A new term has been coined by students of urban change: hyper-gentrification.

Ordinary gentrification is well understood, the process by which established communities are churned through by the arrival of wealthy newcomers who demand tidier amenities and improved civic services. The typical narrative has young artists and gay people discovering a run-down neighborhood with cheap rents and great bones, pouring love, energy and relatively modest sums of money into renovations and small business growth, then seeing themselves priced out as the now-polished gem is "discovered" by developers, politicians and would-be Bohemians. Such gentrification leaves scars, but is a natural urban process, part of the ebb and flow of city life.

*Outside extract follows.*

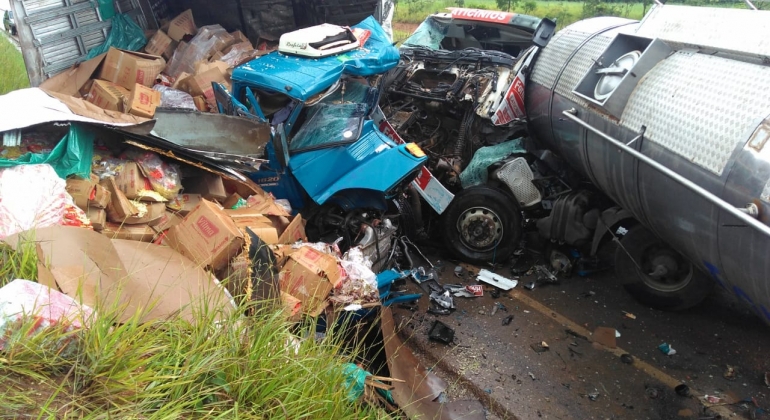 Motorista de empresa da cidade de Lagoa Formosa morre em grave acidente na BR-354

But what's happening in New York, what's happening to New York, isn't gentrification. The familiar process has been sped up so that changes that once took decades are squeezed into months, the wheels greased by policies coming down from a City Hall that was, until very recently, ruled by a billionaire who never met a REIT he didn't like.

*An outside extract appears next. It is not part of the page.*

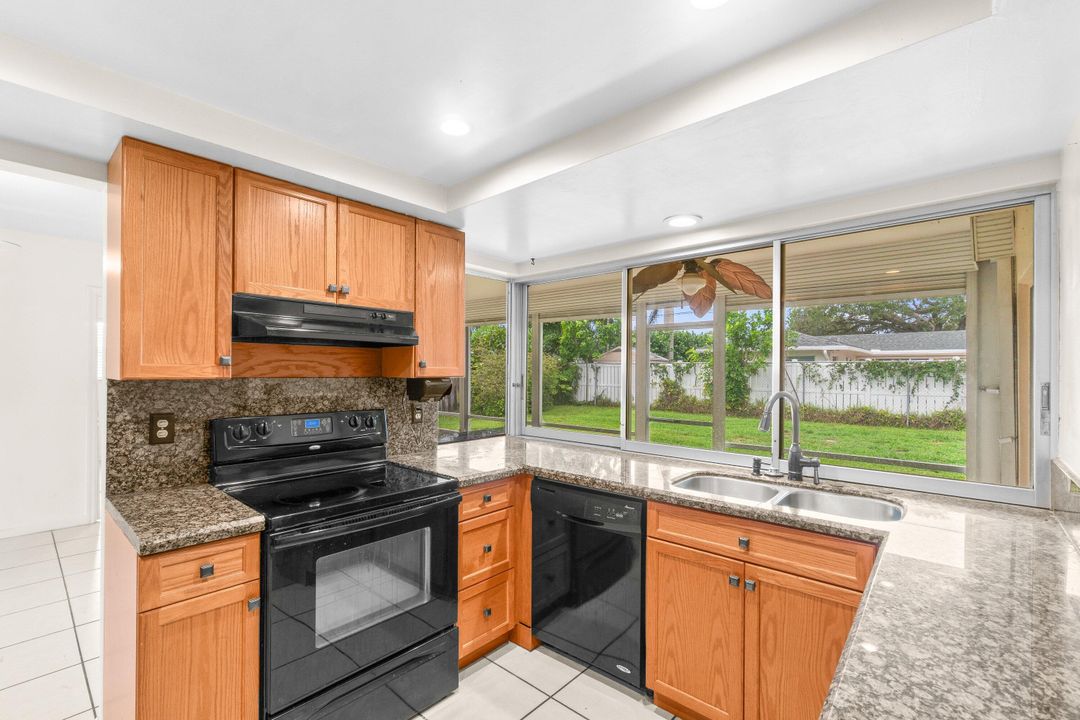 Active With Contract: $720,000 (2 beds, 2 baths, 1552 Square Feet)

Jeremiah Moss, a pseudonym for a prescient New Yorker who has been chronicling his city's heartbreaking losses for years, calls these policies sociopathic, and the resulting environment diseased. And we have to ask, is a New York which no longer can provide studio space to working artists truly the city that we think it is?

But one bright spot amidst all of this relentless change is that hyper-gentrification hatches dragons worth slaying. A small group of moms, bloggers and bibliophiles have rallied strong support for their unfunded campaign to halt the planned demolition and redevelopment of New York libraries, including author Jonathan Lethem's poignant plea: "great public institutions. . . can't be entrusted to the stewardship of real-estate developers, corporate synergists, media barons, and other ostensibly well-intentioned, deal-drunk one-percenters. Instead we need to tend our own commons, large and small — individual libraries, and the city itself."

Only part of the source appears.